The invention relates to a power distribution station load prediction method and device, and belongs to the technical field of power systems. The method comprises the steps of firstly obtaining historical load data and relevant factor data of a set time period of a power distribution station area, then establishing a prediction model comprising the historical load data, the relevant factor data, a date type weight, a temperature factor influence weight and a power failure duration influence weight, and finally predicting a future load value according to the model. The invention not only considers the influence of temperature and date types, but also considers the influence of power-off duration, the established prediction model can more accurately describe the relation between the load and each factor, the prediction precision is improved, and the scheme does not need complex data processing and is simple and easy to realize.

Description

Power distribution station load prediction method and device
Technical Field
The invention relates to a power distribution station load prediction method and device, and belongs to the technical field of power systems.
Background
The power load prediction is a series of prediction work performed by taking a power load as an object, and is a scientific and reasonable conjecture on the future power load level, the occurrence time, the location and the like according to the development of past and present loads and the development and planning of past, present and future social economy. The current load curve prediction is mainly based on historical load data and environmental data, such as patent application publication No. CN110163429A, the patent application discloses a short-term load prediction method based on similar day optimization screening, the method comprises the steps of fitting corresponding load values of temperature values at different moments based on a minimum absolute shrinkage operator, dividing all 24-hour moments into key moments and non-key moments based on the fitting degree requirement of temperature on load, giving different weights of the key moments and the non-key moments, calculating a weighted Euclidean distance between historical temperature data and predicted day temperature data, constructing a similar day set, constructing a differential autoregressive moving average model based on load data and temperature factor data in the similar day set, and performing load prediction by combining the temperature data of the day of prediction and the load data of the previous two days. Although the scheme can realize load prediction, the implementation process of the scheme is complex, only historical load and temperature are considered, the consideration factors are incomplete, and the prediction result is inaccurate.
Disclosure of Invention
The invention aims to provide a power distribution station load prediction method and a power distribution station load prediction device, and aims to solve the problems of complexity and low accuracy of prediction results in the current load prediction process.
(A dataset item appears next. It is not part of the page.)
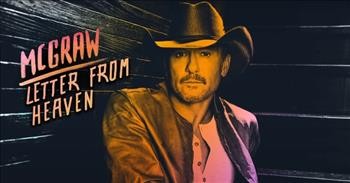 'Letter From Heaven' Tim McGraw Lyric Video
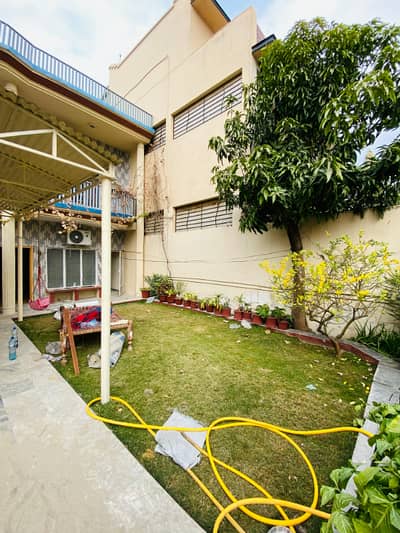 FOR RENT Fully Furnished 2-Bedrooms Ground Portion with Separate Gate F_6/1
The invention provides a power distribution station load prediction method for solving the technical problem, which comprises the following steps:
1) acquiring historical load data and related factor data of a set time period of a power distribution station area, wherein the historical load data comprises absolute time of a historical load data measuring point, a measuring point date type and an actual load value, and the related factor data comprises an actual temperature value and power-off duration;
2) establishing a prediction model according to the acquired load historical data, wherein the prediction model comprises historical load data, related factor data, a date type weight, a temperature factor influence weight and a power-off duration influence weight;
3) and predicting the load data after the set time period according to the established prediction model prediction to obtain the predicted load value of each measuring point consistent with the historical load data measuring point.
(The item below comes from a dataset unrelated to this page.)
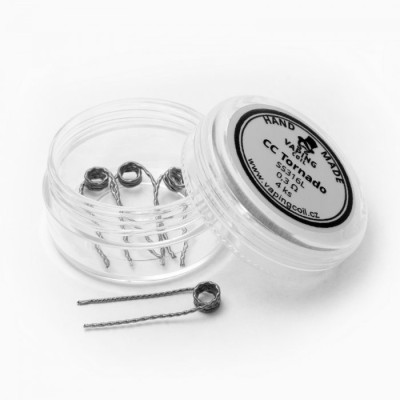VapingCoil CC Tornado předmotané spirálky SS316 0,3ohm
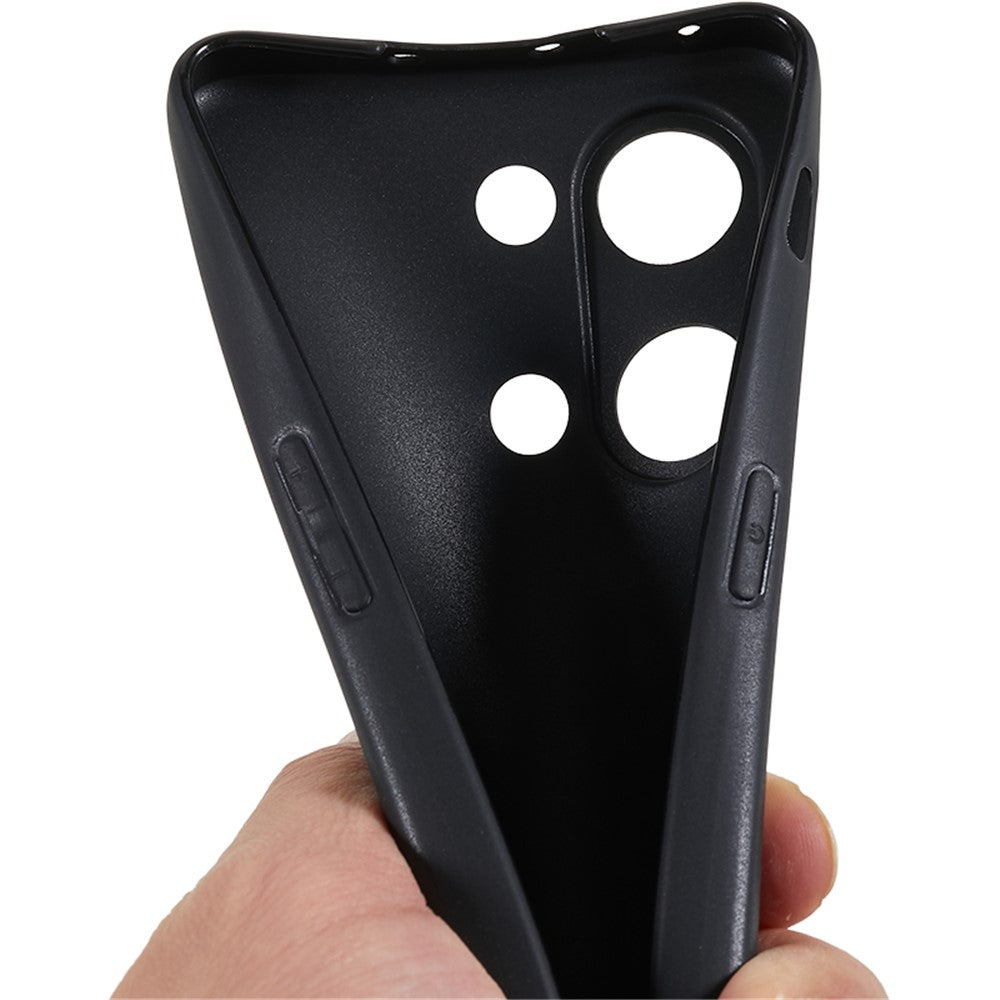 For OnePlus Nord 3 5G / Ace 2V Glossy Phone Cover Anti-scratch TPU Case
The invention also provides a power distribution station load prediction device, which comprises a memory, a processor and a computer program stored on the memory and running on the processor, wherein the processor is coupled with the memory, and the processor executes the computer program to realize the power distribution station load prediction method.
The method comprises the steps of firstly obtaining historical load data and relevant factor data of a set time period of a power distribution station area, then establishing a prediction model comprising the historical load data, the relevant factor data, a date type weight, a temperature factor influence weight and a power failure duration influence weight, and finally predicting a future load value according to the model. The invention not only considers the influence of temperature and date types, but also considers the influence of power-off duration, the established prediction model can more accurately describe the relation between the load and each factor, the prediction precision is improved, and the scheme does not need complex data processing and is simple and easy to realize.
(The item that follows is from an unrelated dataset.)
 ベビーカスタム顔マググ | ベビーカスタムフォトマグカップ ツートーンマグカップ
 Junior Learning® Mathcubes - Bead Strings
Further, in order to improve the accuracy of the model, the prediction model is:
Figure BDA0002250418450000021
wherein Y (t) is a predicted load value,
Figure BDA0002250418450000022
to mean value of load values of the same measuring point in a set period of time, X1(t) is
Figure BDA0002250418450000023
Square root of difference, X, from the average load value of working days in a set period of time2(t) is
Figure BDA0002250418450000024
Square root of difference, X, from average load value on holidays in a set time period3(t) is
Figure BDA0002250418450000025
Square root value of difference from average load value in which temperature change does not exceed set threshold value in set time period, X4(t) is
Figure BDA0002250418450000026
Square root of difference from average load value in which no power-off occurs in set time period, a1Is a weight of a workday factor, a2Is a holiday factor weight, a3Is a weight of temperature factor, a4Is the power-off duration factor weight.
Further, in order to improve the accuracy of the model, the prediction model is:
Figure BDA0002250418450000031
wherein Y (t) is a predicted load value;
Figure BDA0002250418450000032
to set the mean value of the load values of the same measurement point in a time period, when the predicted day is the working day, X1(t) is
Figure BDA0002250418450000033
The square root value of the difference value with the average load value of the working days in the set time period; when the predicted day is a non-working day, X1(t) is
Figure BDA0002250418450000034
The square root value of the difference value with the average load value of the non-working days in the set time period; when the predicted day is a holiday, X2(t) is
Figure BDA0002250418450000035
The square root value of the difference value with the average load value of the holidays in the set time period; when the predicted day is a non-holiday, X2(t) is
Figure BDA0002250418450000036
A square root value of a difference value with an average load value of non-holidays in a set time period; x3(t) is
Figure BDA0002250418450000037
A square root value of a difference from an average load value in which a temperature change does not exceed a set threshold value in a set period of time; x4(t) is
Figure BDA0002250418450000038
A square root value of a difference value with an average load value in which power failure does not occur in a set time period; a is3Is the weight of the temperature factor; a is4Is the power-off duration factor weight.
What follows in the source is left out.